Dispatch Wrecked Off Newfoundland 1828

By James Donahue

The brigantine Dispatch was one of many wooden hulled sailing ships to have gone down at sea or wrecked on the North American shores during the years when Europeans rushed to settle the new continent.

Although a small ship, recorded at 187 gross tons, the two-mast Dispatch, under the command of Captain William Lancaster, was carrying 152 passengers and crew members when it went on a reef near Port aux Basques, Newfoundland, on July 10, 1828.

The 27-year-old vessel was bound from Londonderry to Quebec when it struck.

Rescue efforts were hampered by high seas and stormy weather that hammered the stranded wreck for days. Captain Lancaster and some of the ship’s crew members were drowned attempting to launch a life boat that was swamped by the high waves. At least 30 more lives were lost during the next few days as attempts to launch boats or swim to land, some three miles distant, were made.

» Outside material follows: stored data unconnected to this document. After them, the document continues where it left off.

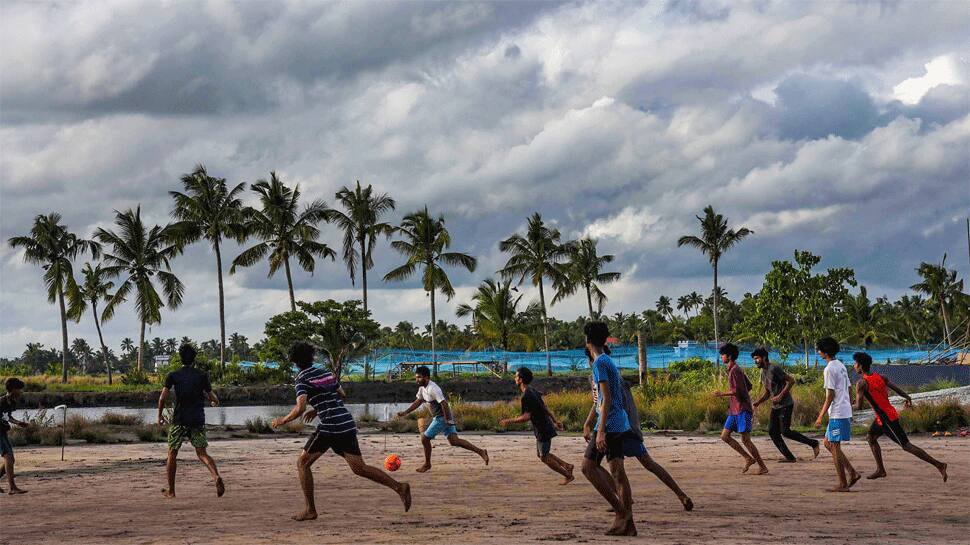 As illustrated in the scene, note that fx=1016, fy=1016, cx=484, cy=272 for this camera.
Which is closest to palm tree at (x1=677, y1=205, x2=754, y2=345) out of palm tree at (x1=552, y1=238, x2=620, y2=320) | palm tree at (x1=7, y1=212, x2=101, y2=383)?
palm tree at (x1=552, y1=238, x2=620, y2=320)

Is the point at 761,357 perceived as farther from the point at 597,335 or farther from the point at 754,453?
the point at 597,335

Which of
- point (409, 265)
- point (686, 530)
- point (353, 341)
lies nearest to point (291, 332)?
point (353, 341)

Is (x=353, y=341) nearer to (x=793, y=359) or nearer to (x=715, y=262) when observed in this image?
(x=793, y=359)

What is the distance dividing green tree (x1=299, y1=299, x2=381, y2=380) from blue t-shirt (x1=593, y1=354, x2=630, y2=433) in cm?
4564

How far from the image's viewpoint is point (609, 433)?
8547 mm

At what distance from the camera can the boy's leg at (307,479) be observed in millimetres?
9398

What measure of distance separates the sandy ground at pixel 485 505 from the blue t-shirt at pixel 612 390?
942 millimetres

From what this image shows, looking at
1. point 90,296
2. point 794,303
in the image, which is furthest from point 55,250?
point 794,303

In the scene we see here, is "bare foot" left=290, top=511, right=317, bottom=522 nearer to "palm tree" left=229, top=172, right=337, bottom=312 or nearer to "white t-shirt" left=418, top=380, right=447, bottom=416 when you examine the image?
"white t-shirt" left=418, top=380, right=447, bottom=416

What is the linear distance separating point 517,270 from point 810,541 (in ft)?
187

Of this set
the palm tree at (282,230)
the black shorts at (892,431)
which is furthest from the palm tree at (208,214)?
the black shorts at (892,431)

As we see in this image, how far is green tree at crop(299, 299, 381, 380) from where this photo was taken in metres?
53.7

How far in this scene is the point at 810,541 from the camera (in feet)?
27.7

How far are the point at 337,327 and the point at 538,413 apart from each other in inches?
1670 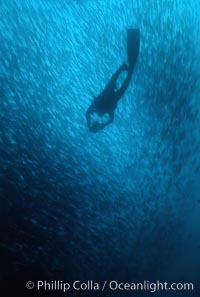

One newspaper account said some that made it to shore died of starvation and exposure in the Canadian wilderness.

A local man, George Harvey, his 17-year-old daughter, Ann, and 12-year-old son managed to row a small boat from shore to the wreck on July 13 and bring survivors to safety. The three spent the next three days making a series of trips to the wreck until all of the survivors were rescued.

Sir Thomas Cochrane, the Governor of Newfoundland, awarded the Harvey family a gold medal and 100 pounds sterling for their efforts.

The survivors arrived in Halifax from Port aux Basques aboard the HMS Tyne on July 26. Most arrived in only the clothes they were wearing when they left the wreck. All of their personal belongings were lost.